Data classification and identification is all about tagging your data so it can be found quickly and efficiently.
But organisations can also gain from de-duplicating their information, which helps to cut storage and backup costs, whilst speeding up data searches.
Thirdly, classification can help an organisation to meet legal and regulatory requirements for retrieving specific information within a set timeframe, and this is often the motivation behind implementing data classification technology.
However, data strategies differ greatly from one organisation to the next, as each generates different types and volumes of data. The balance may vary greatly from one user to the next between office documents, e-mail correspondence, images, video files, customer and product information, financial data, and so on.
It may seem a good idea to classify and tag everything in the databases, but experts warn against it.
Andy Whitton, partner in Deloitte's data practice says, "Full data classification can be a very expensive activity that very few organisations do well. Certified database technologies can tag every data item however, in our experience only governments do this because of the cost implications."
Instead, Whitton said, companies need to choose certain types of data to classify, such as account data, personal data, or commercially valuable data.
He added that the start point for most companies is to classify data in line with their confidentiality requirements, adding more security for increasingly confidential data. "If it goes wrong, this could be the most externally damaging - and internally sensitive. For example, everyone is very protective over salary data," says Whitton.
As well as the type and confidentiality of the data, organisations should also consider its integrity, as low-quality data cannot be trusted. Users should also consider its availability, because high data availability requires a resilient storage and networking environment.
Tagging the data in the right way, by using an effective metadata strategy , is essential, said Greg Keller, chief evangelist at software firm Embarcadero. "In other words, the egg must truly precede the chicken."
The enterprise is overwhelmed with data, including relational (structured) and non-relational (semi-structured or non-structured), much of which is redundant, stale and of radically varying quality", he explains.
"A plan must be put in place, by an enterprise or data architecture team, to first source the desired data, standardising the path to it, documenting the data's structure and general content along with any known business rules and then ultimately communicating this initial set of information to relevant constituencies."

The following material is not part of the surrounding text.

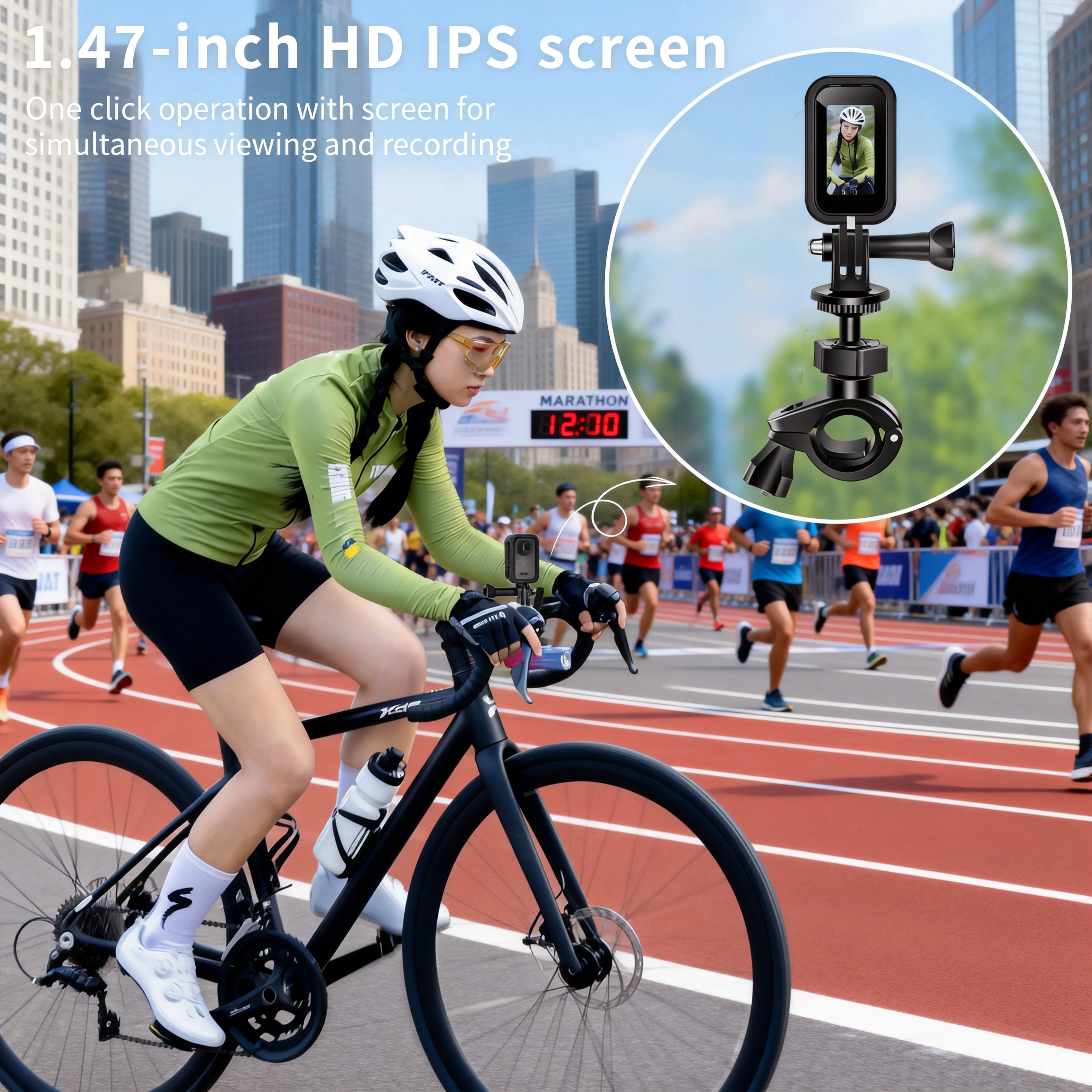 1080p HD thumb camera, one-click quick shot, portable 2K compact HD recorder, cycling, mountaineering, outdoor sports camera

Once this platform of initial "metadata" has been established and replicated successfully to other information stores, the organisation can implement a "classification taxonomy" to tag the assets of varying types, in terms of their business relevance, said Keller.
"This set of tags can range from its quality classification, to its encryption/security level, to its volatility," says Keller.
Rich Hale, product and strategy manager at Active Navigation, which develops tools to manage unstructured information says there are several best practices to keep in mind when undertaking a new data classification system.
According to Hale, it is imperative to have the support of the management and employees who will be using the system. "Simply using technology to automatically build a new scheme or designing a scheme behind closed doors will lead to a dysfunctional approach and adoption will be resisted."
The classification system itself must include an element of centralised control so that data may be classified in the context of overall strategic business objectives, such as compliance.
Secondly, before attempting to design a new classification system, it is important to check that the data sets to be classified and fed into the system are of good quality.
"A common problem with current information systems is that too much rubbish is allowed to accumulate, from duplication to copies of office party photos and personal letters to bank managers, making the task difficult, at best," says Hale.
Storage cleansing products are useful here, because they remove redundant, obsolete or trivial content.
The third step is to carry out an information audit, to gain an accurate view of the nature of the data, including the dominant themes, semantics or the gist of the information, and not just the metadata.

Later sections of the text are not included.